The trouble with volatile
[Posted May 9, 2007 by corbet]
Your editor's copy of
The C Programming Language, Second Edition
(copyright 1988, still known as "the new C book") has the following to say
about the
volatile keyword:
The purpose of volatile is to force an implementation to suppress
optimization that could otherwise occur. For example, for a
machine with memory-mapped input/output, a pointer to a device
register might be declared as a pointer to volatile, in
order to prevent the compiler from removing apparently redundant
references through the pointer.
C programmers have often taken volatile to mean that the variable
could be changed outside of the current thread of execution; as a result,
they are sometimes tempted to use it in kernel code when shared data
structures are being used. Andrew Morton recently called out use of volatile in a
submitted patch, saying:
The volatiles are a worry - volatile is said to be
basically-always-wrong in-kernel, although we've never managed to
document why, and i386 cheerfully uses it in readb() and friends.
In response, Randy Dunlap pulled together some
email from Linus on the topic and suggested to your editor that he
could maybe help "document why." Here is the result.
The point that Linus often makes with regard to volatile is that
its purpose is to suppress optimization, which is almost never what one
really wants to do. In the kernel, one must protect accesses to data
against race conditions, which is very much a different task.
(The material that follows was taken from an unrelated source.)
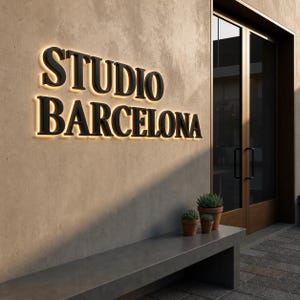 Puede incluir: Un letrero de pared con letras negras tridimensionales que dicen STUDIO BARCELONA, iluminadas desde atr&aacute;s con un brillo c&aacute;lido. El letrero est&aacute; montado en una pared beige texturizada junto a una puerta de cristal con marco oscuro y un banco de hormig&oacute;n.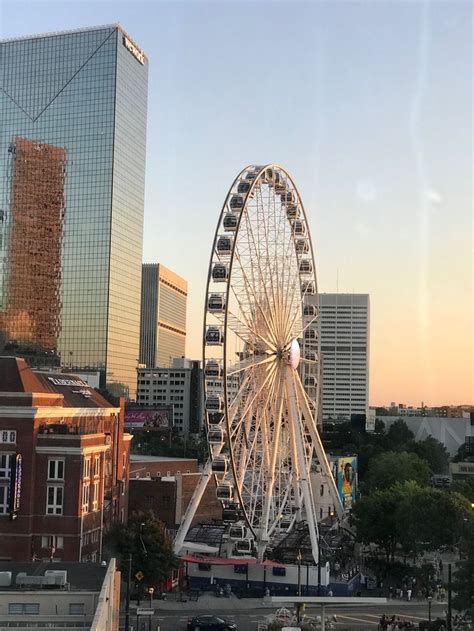 a large ferris wheel sitting in the middle of a city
Like volatile, the kernel primitives which make concurrent access
to data safe (spinlocks, mutexes, memory barriers, etc.) are designed to
prevent unwanted optimization. If they are
being used properly, there will be no need to use volatile as
well. If volatile is still necessary, there is almost
certainly a bug in
the code somewhere. In properly-written kernel code, volatile can
only serve to slow things down.
Consider a typical block of kernel code:
spin_lock(&the_lock);
do_something_on(&shared_data);
do_something_else_with(&shared_data);
spin_unlock(&the_lock);
If all the code follows the locking rules, the value of
shared_data cannot change unexpectedly while the_lock is
held. Any other code which might want to play with that data will be
waiting on the lock. The spinlock primitives act as memory barriers - they
are explicitly written to do so -
meaning that data accesses will not be optimized across them. So the
compiler might think it knows what will be in shared_data, but the
spin_lock() call will force it to forget anything it knows. There
will be no optimization problems with accesses to that data.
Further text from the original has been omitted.